Ask a Korean! News: Is the Union the Real Problem in American Education?

As the New York Times noted today, it is fashionable nowadays for Americans to bash on teachers and teachers' union for the failing American education.
The jabs Erin Parker has heard about her job have stunned her. Oh you pathetic teachers, read the online comments and placards of counterdemonstrators. You are glorified baby sitters who leave work at 3 p.m. You deserve minimum wage.

“You feel punched in the stomach,” said Ms.
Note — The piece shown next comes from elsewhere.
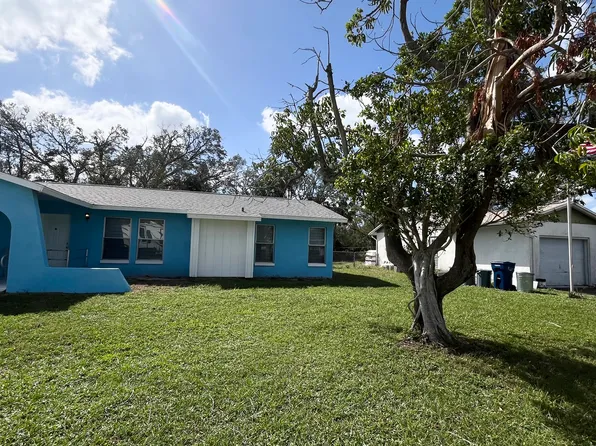 810 Wee Burn St, Sarasota, FL 34243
Parker, a high school science teacher in Madison, Wis., where public employees’ two-week occupation of the State Capitol has stalled but not deterred the governor’s plan to try to strip them of bargaining rights.
Teachers Wonder, Why the Scorn? [New York Times]
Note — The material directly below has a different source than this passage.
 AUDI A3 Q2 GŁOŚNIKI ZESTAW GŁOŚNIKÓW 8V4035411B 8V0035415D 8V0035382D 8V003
But the funny thing is that Korea, whose student performance is among the world's best, has very, very strong teachers' unions. American critics decry that American teachers' job security is never linked to performance, but Korea's teachers are never evaluated on how well their students do on exams. American critics often point out that the best and the brightest are attracted to teaching in East Asia, but it is not as if teachers in Korea are wealthy, or even upper-middle class. The absolute, biggest draw of being a teacher in Korea is that you never lose your job until retirement and receive pension after retirement until you die -- because of the unions!

This is an incomplete thought, because obviously a situation from one country does not directly translate to another. But it is something worth chewing on. Is the union the real issue here?